Important

NeMo 2.0 is an experimental feature and currently released in the dev container only: nvcr.io/nvidia/nemo:dev. Please refer to NeMo 2.0 overview for information on getting started.

Migrate Checkpointing Configurations from NeMo 1.0 to NeMo 2.0#

NeMo 1.0 (Previous Release)#

In NeMo 1.0, distributed checkpointing was configured in the YAML configuration file.

# Distributed checkpoint setup
dist_ckpt_format: 'zarr' # Set to 'torch_dist' to use PyTorch distributed checkpoint format.
dist_ckpt_load_on_device: True # whether to load checkpoint weights directly on GPU or to CPU
dist_ckpt_parallel_save: False # if true, each worker will write its own part of the dist checkpoint
dist_ckpt_parallel_load: False # if true, each worker will load part of the dist checkpoint and exchange with NCCL. Might use some extra GPU memory
dist_ckpt_torch_dist_multiproc: 2 # number of extra processes per rank used during ckpt save with PyTorch distributed format
dist_ckpt_assume_constant_structure: False # set to True only if the state dict structure doesn't change within a single job. Allows caching some computation across checkpoint saves.
dist_ckpt_parallel_dist_opt: True # parallel save/load of a DistributedOptimizer. 'True' allows performant save and reshardable checkpoints. Set to 'False' only in order to minimize the number of checkpoint files.

NeMo 2.0 (New Release)#

In NeMo 2.0, these settings are controlled from the MegatronStrategy.

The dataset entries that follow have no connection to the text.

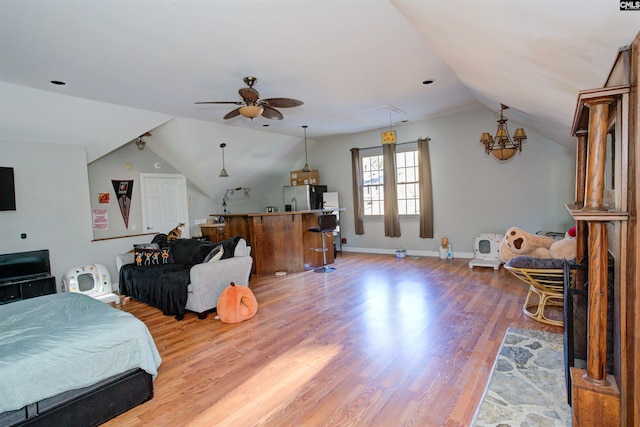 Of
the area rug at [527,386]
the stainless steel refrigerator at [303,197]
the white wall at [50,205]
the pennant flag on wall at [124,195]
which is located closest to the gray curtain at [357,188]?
the stainless steel refrigerator at [303,197]

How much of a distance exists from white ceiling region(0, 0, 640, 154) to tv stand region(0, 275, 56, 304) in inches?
81.4

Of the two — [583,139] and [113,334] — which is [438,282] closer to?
[583,139]

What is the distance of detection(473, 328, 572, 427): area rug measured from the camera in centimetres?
191

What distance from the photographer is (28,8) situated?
7.58 ft

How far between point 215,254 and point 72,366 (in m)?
2.15

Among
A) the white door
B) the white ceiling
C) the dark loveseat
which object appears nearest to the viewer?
the white ceiling

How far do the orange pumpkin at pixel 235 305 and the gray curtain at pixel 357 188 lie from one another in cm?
447

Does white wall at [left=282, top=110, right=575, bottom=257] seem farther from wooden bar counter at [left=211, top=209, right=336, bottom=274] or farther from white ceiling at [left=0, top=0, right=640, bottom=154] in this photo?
wooden bar counter at [left=211, top=209, right=336, bottom=274]

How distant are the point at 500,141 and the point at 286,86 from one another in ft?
11.1

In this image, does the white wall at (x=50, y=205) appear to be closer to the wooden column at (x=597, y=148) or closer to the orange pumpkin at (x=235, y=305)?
the orange pumpkin at (x=235, y=305)

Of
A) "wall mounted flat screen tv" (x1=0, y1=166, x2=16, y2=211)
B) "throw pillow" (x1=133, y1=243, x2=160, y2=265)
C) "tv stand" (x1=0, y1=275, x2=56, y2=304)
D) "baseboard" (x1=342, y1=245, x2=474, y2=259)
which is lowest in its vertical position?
"baseboard" (x1=342, y1=245, x2=474, y2=259)

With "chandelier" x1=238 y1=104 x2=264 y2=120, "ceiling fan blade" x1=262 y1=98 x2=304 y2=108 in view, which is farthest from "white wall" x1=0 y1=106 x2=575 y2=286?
"ceiling fan blade" x1=262 y1=98 x2=304 y2=108

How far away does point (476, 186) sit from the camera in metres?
6.29

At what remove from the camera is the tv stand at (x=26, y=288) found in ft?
13.5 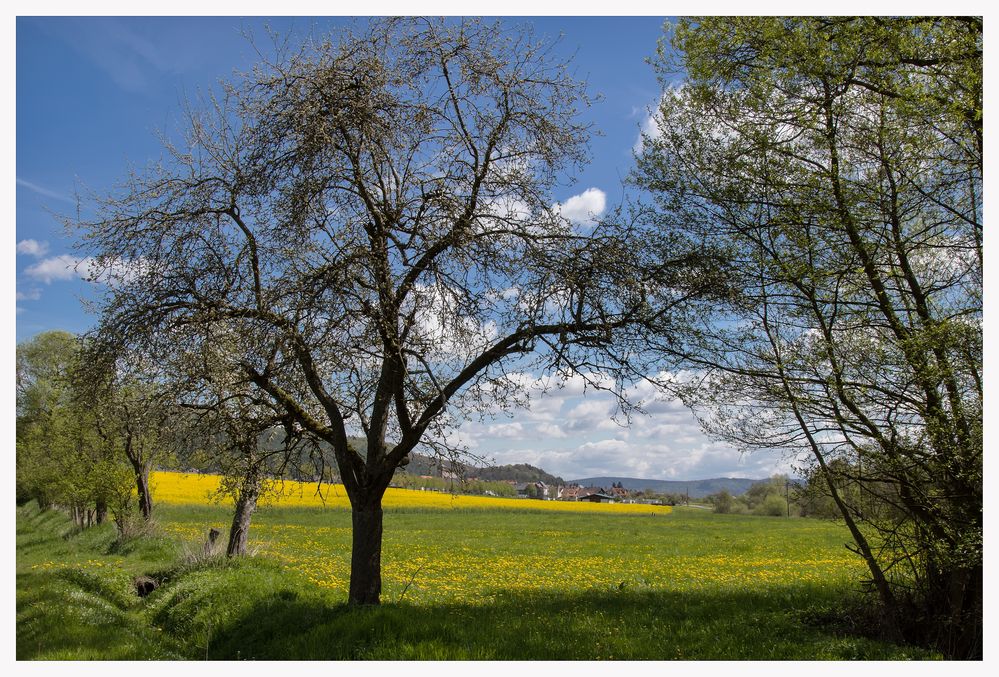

from nemo.collections import llm
from nemo import lightning as nl

strategy = nl.MegatronStrategy(
    save_ckpt_format='zarr',
    ckpt_load_on_device=True,
    ckpt_parallel_save=False,
    ckpt_parallel_load=False,
    ckpt_assume_constant_structure=False,
    ckpt_parallel_save_optim=False,
)

nl.Trainer(
    strategy=strategy,
    ...
)

Migration Steps#

  1. Locate the distributed checkpoint setup section in your NeMo 1.0 YAML config file.

  2. Pass the distributed checkpoint setup settings into MegatronStrategy:

    strategy = nl.MegatronStrategy(
        save_ckpt_format='zarr',
        ckpt_load_on_device=True,
        ckpt_parallel_save=False,
        ckpt_parallel_load=False,
        ckpt_torch_dist_multiproc=2,
        ckpt_assume_constant_structure=False,
        ckpt_parallel_save_optim=False,
    )
    

Note

Non-distributed checkpointing is not supported by NeMo 2.0.